De nombreuses rues étant condamnées par les éboulis, il est trop dangereux de m’aventurer dans ces ruines fumantes. Dans la rue de Rome, les sauveteurs sont à pied d’œuvre et s’activent à sauver tout ce qui peut l’être. Les ambulances ont entamé un ballet macabre ininterrompu, et transportent les blessés vers les hôpitaux de la ville. Les détonations ont cessé. Le bombardement est sans doute terminé ; il m’a paru long, très long. En fait, il a été constitué de sept vagues de bombardiers ; une hécatombe…
Je suis détourné de mon itinéraire vers la gare Saint Charles. Là, impossible de continuer mon chemin vers Saint Lazare, les alentours de la gare ont été touchés ; je suis obligé d’emprunter, si je le peux, le boulevard National.
Les services de secours auront aussi de nombreuses pertes. La défense passive perdra 64 de ses volontaires, les services de déminages 47 de ses techniciens, et les marins-pompiers déploreront la perte d’une dizaine d’hommes, ensevelis par un pan de mur alors qu’ils se trouvaient dans leur véhicule.
Quelle n’est pas ma consternation lorsque je constate avec stupeur, face à moi, les dégâts au niveau du tunnel du boulevard National (communément appelé les Trois Ponts) ! La population y est venue s’y réfugier pour échapper aux bombes, croyant les lieux sûrs. Cet endroit est maintenant devenu un charnier ; les morts se comptent par centaines. Je suis effaré, et trop choqué pour réaliser le désastre.
UN TÉMOIN RACONTE
Je sus plus tard que notre voisin avait trouvé la mort, écrasé comme tant d’autres, par les effondrements de pans de murs et d’une partie de la voûte.
Rappelons que ce raid, comme tous ceux qui allaient suivre durant cette période, avait pour objectif de préparer le débarquement en Provence. Les Américains préféraient les bombardements à haute altitude, afin de réduire les pertes infligées par la DCA allemande qui devenait de plus en plus précise.
Je continue mon calvaire, car c’est bien d’un calvaire dont il s’agit, tant les voies de circulation sont encombrées de gravats et de décombres en tout genre ; et il devient de plus en plus pénible d’avancer. J’emprunte la rue Guérin (qui deviendra rue Jean Cristofol), et me retrouve dans la rue Belle-de-Mai. Là, le « blitz » a cassé de nombreuses vitres, mais épargné les habitations. Enfin, c’est ce que je croyais… Arrivé près de la maternité (place Bernard Cadenat), je constate que des habitants fuient les destructions dans les rues voisines.
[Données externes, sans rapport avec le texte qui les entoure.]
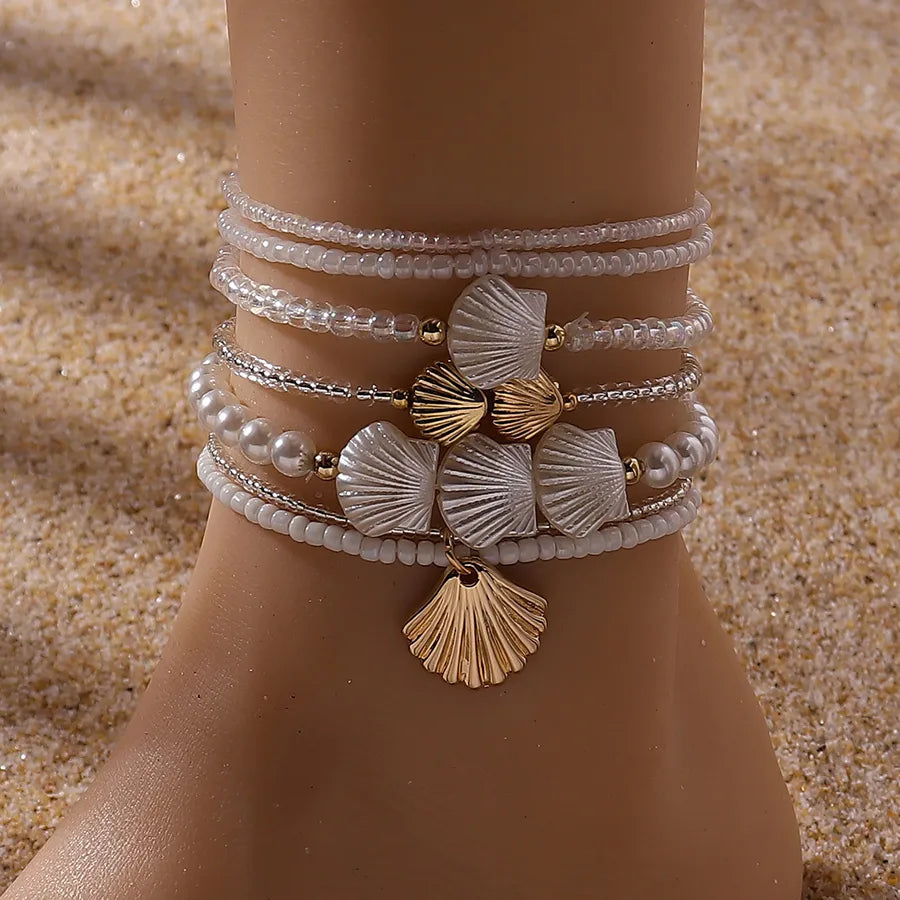 Wholesale Jewelry IG Style Casual Shell Plastic Zinc alloy Anklet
Au-dessus de la rue Loubon, sur la place Placide-Caffo, se trouve l’église. Les dégâts sont sévères, et ont sinistré le vieil édifice religieux de 1843. (En 1952, j’y baptiserai mon premier fils, Jean-Marie).
Une nouvelle église (Saint Charles, ou église de la Belle-de-Mai) sera construite en 1957 en remplacement de la précédente, devenue obsolète en raison des dommages subis.
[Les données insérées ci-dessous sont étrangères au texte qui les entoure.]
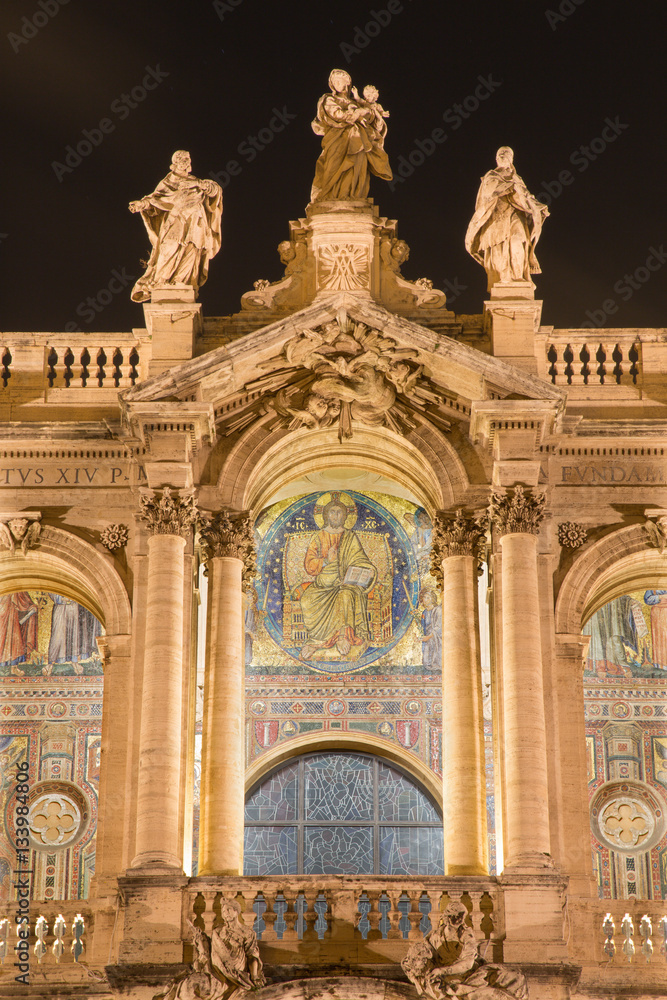 Rome - The detail of portal of Basilica Santa Maria Maggiore at night.
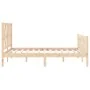 Bed frame with solid wood headboard 140x190 cm by vidaXL, Beds and slatted bases - Ref: Foro24-3192471, Price: 134,64 €, Disc...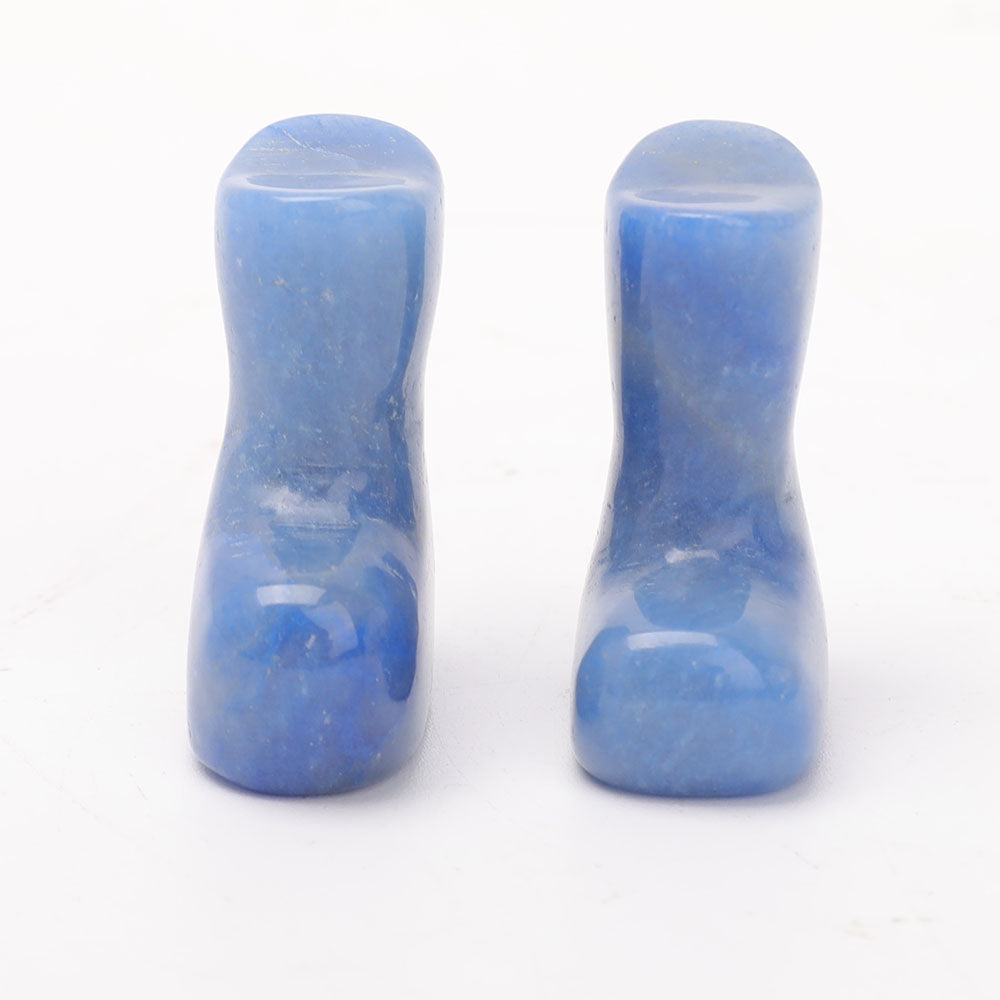 Ensemble de figurines en cristal d'aventurine bleue, bottes de 3,8 cm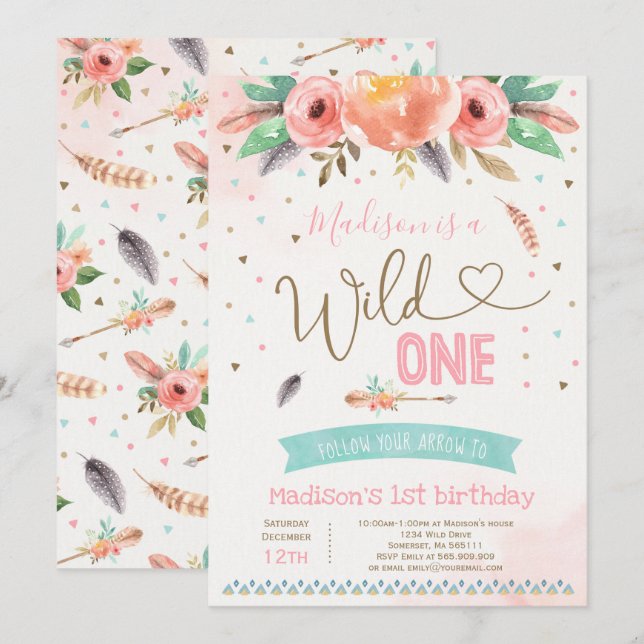Boho Wild One Birthday Invitation Watercolor Boho (Front/Back)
Gros soulagement ! La tante Juliette est saine et sauve, très choquée par les péripéties de cette morbide journée, mais vivante. Elle m’a donné des nouvelles rassurantes de mon épouse Carméline, qui a réussi à se mettre à l’abri.
Le soir de cette terrible journée, je regagne Saint Lazare. Un grand deuil est ressenti par tout le monde. Juste à côté de la boucherie de mon père, dans la rue Eugène Pottier, une petite bâtisse qui servait d’orphelinat a été touchée par les obus. De nombreux enfants y sont morts, écrasés sous les éboulis, emportés par la folie meurtrière des hommes. La petite maison restera longtemps dans l’état, comme pour raviver les mémoires des Marseillais, et pour se souvenir de ce triste 27 mai 1944.
Sources :
Photos publiques Facebook
https://tourisme-marseille.com/fiche/le-bombardement-americain-de-marseille-de-1944/
https://www.laprovence.com/article/papier/4464654/27-mai-1944-et-soudain-lenfer.html
https://fr.wikipedia.org/wiki/Bombardement_de_Marseille_(1944)
2 réponses
[…] – Marseille sous les bombes de l’Oncle Sam. […]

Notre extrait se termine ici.